Het begrip ‘inspraak’ is een erg algemeen begrip en maakt de regel tot een ‘open deur’. De concretisering daarvan is te beperkt.
Ik stel voor twee elementen toe te voegen.
- Achter “Op basis van … cliënt.” opnemen dat dit ook geldt voor het algemeen beleid over wonen, zorg en welzijn.
- Het ‘streven naar consensus’ er in op te nemen, een cruciaal begrip in onze besluitvormingscultuur.

Vraag3

In het wetsontwerp wordt op diverse plaatsen ruimte voor maatwerk in het organiseren van medezeggenschap geboden. Daardoor is het mogelijk dat cliëntenraden en zorgaanbieders eigen afspraken maken. Deze kunnen afwijken van de algemene regeling in de wet. Bijvoorbeeld wanneer directe participatie van cliënten meer op de voorgrond komt te staan. Het wetsontwerp biedt hiertoe de ruimte.
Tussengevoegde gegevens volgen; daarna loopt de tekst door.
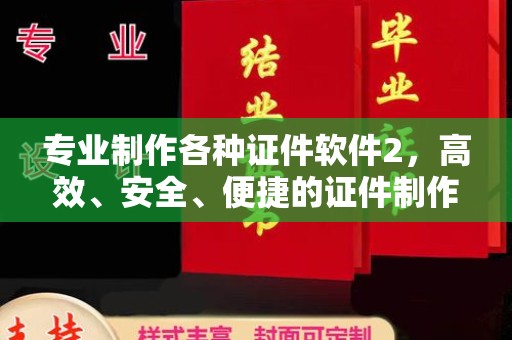 荣成专业制作各种证件软件2，高效、安全、便捷的证件制作解决方案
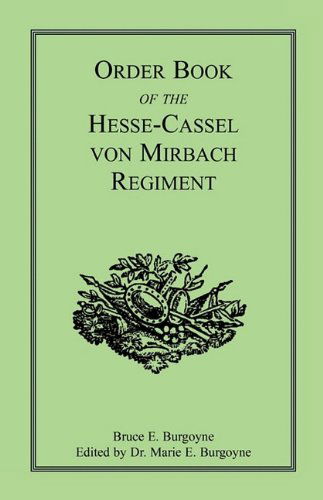 Cover for Bruce E. Burgoyne · Order Book of the Hesse-cassel Von Mirbach Regiment (Paperback Book) (2009)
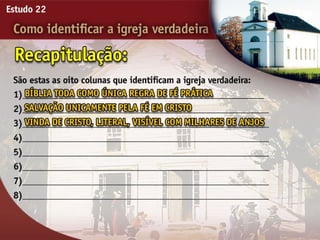 22   como identificar a igreja verdadeira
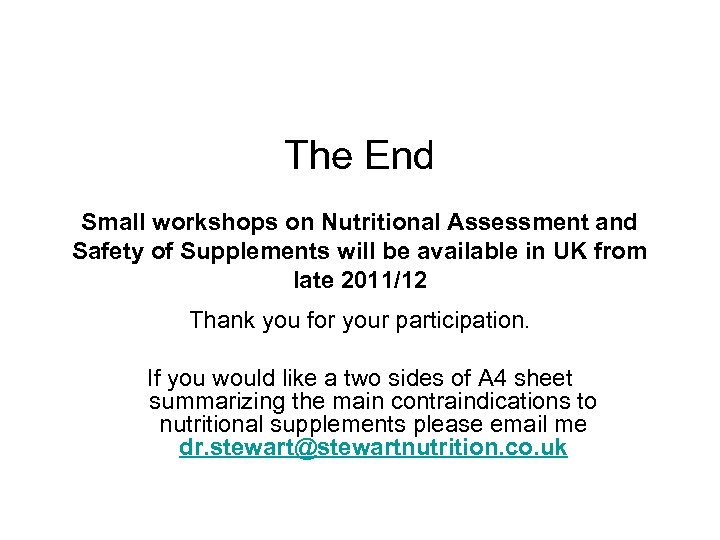 The End Small workshops on Nutritional Assessment and Safety of Supplements will be available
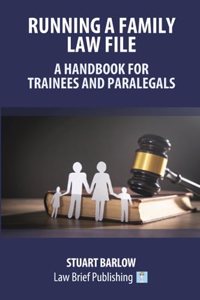 Running a Family Law File - A Handbook for Trainees and Paralegals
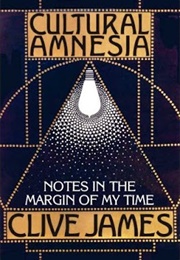 Cultural Amnesia (Clive James)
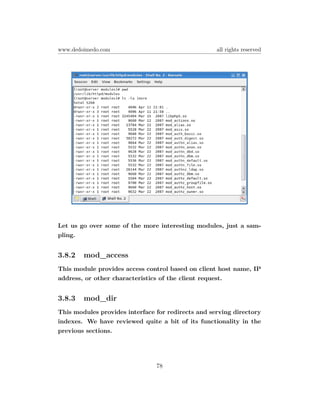 www.dedoimedo.com                                   all rights reserved




Let us go over some of the more interesting modules, just a sam-
pling.


3.8.2   mod_access
This module provides access control based on client host name, IP
address, or other characteristics of the client request.


3.8.3   mod_dir
This modules provides interface for redirects and serving directory
indexes. We have reviewed quite a bit of its functionality in the
previous sections.




                                78
 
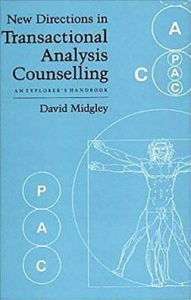 Title: New Directions in Transactional Analysis Counselling, Author: David Midgley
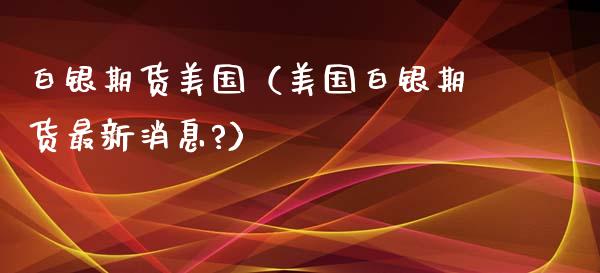 白银期货美国（美国白银期货最新?）_https://www.liuyiidc.com_理财百科_第1张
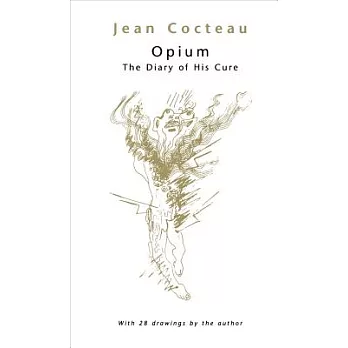 Opium: The Diary of His Cure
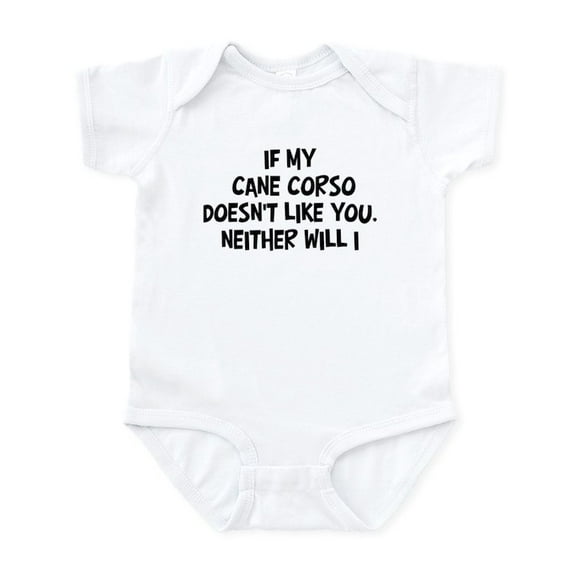CafePress - Cane Corso Like You Infant Bodysuit - Baby Light Bodysuit, Size Newborn - 24 Months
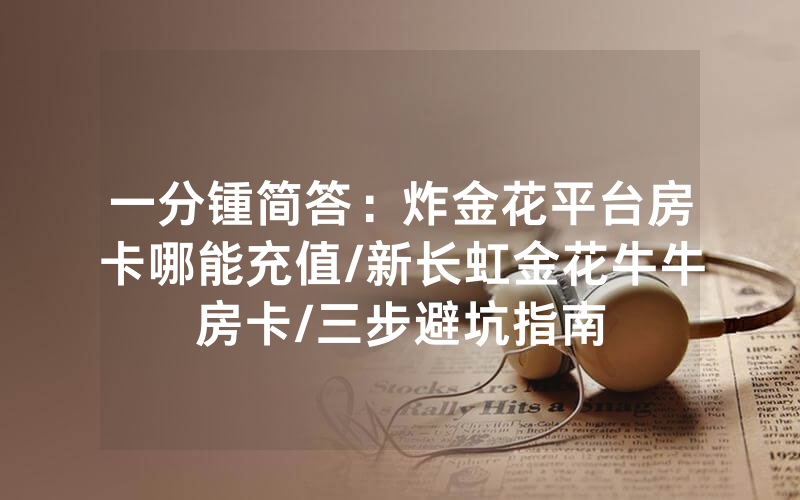 一分锺简答：炸金花平台房卡哪能充值/新长虹金花牛牛房卡/三步避坑指南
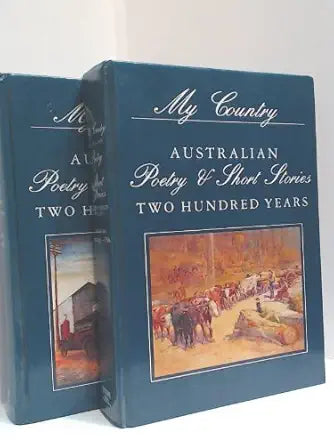 My Country Australian Poetry & Short Stories Two Hundred Years Volume 1 - Beginnings - 1930s and Volume Two 1930s - 1980s cover image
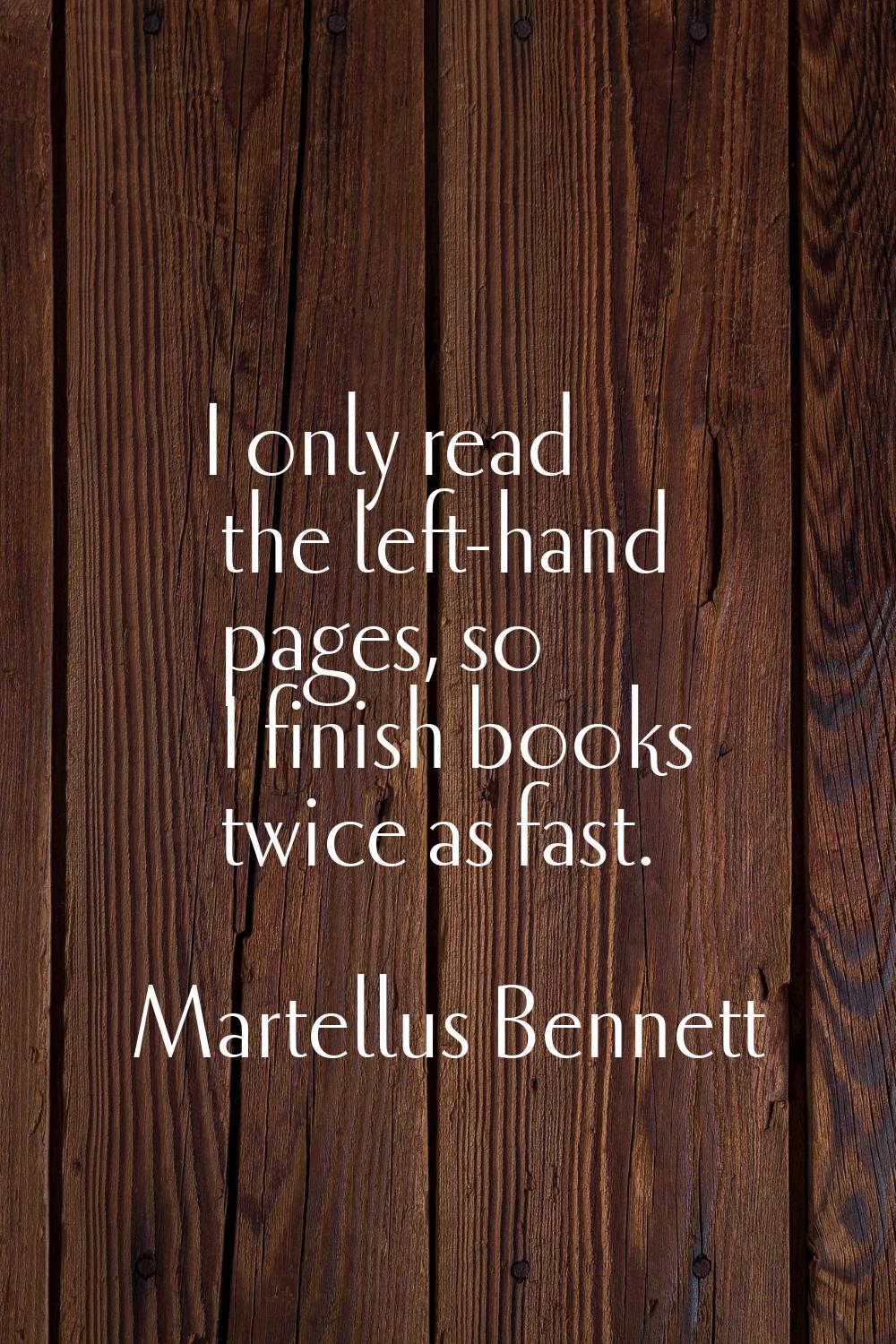 I only read the left-hand pages, so I finish books twice as fast.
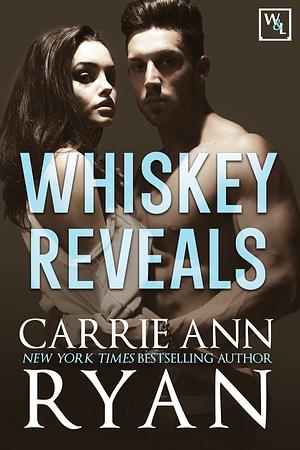 Whiskey reveals - A Whiskey and Lies Novel by Carrie Ann Ryan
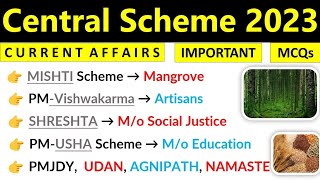 Central Govt Scheme 2023 Current Affairs  Schemes 2023 Current Affairs 2023  Scheme Top MCQs [upl. by Starkey]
Het horen van de stem van de cliënt kan immers op veel verschillende manieren gebeuren.

>> Vindt u dat dit wetsontwerp voldoende ruimte biedt aan zorgaanbieders en cliëntenraden voor maatwerk?
Hier sluit ik weer aan bij LOC. ‘De cliënt en de cliëntenraad hebben in voorliggende wet geen actieve rol. Terwijl dit volgens ons juist de insteek zou moeten zijn’.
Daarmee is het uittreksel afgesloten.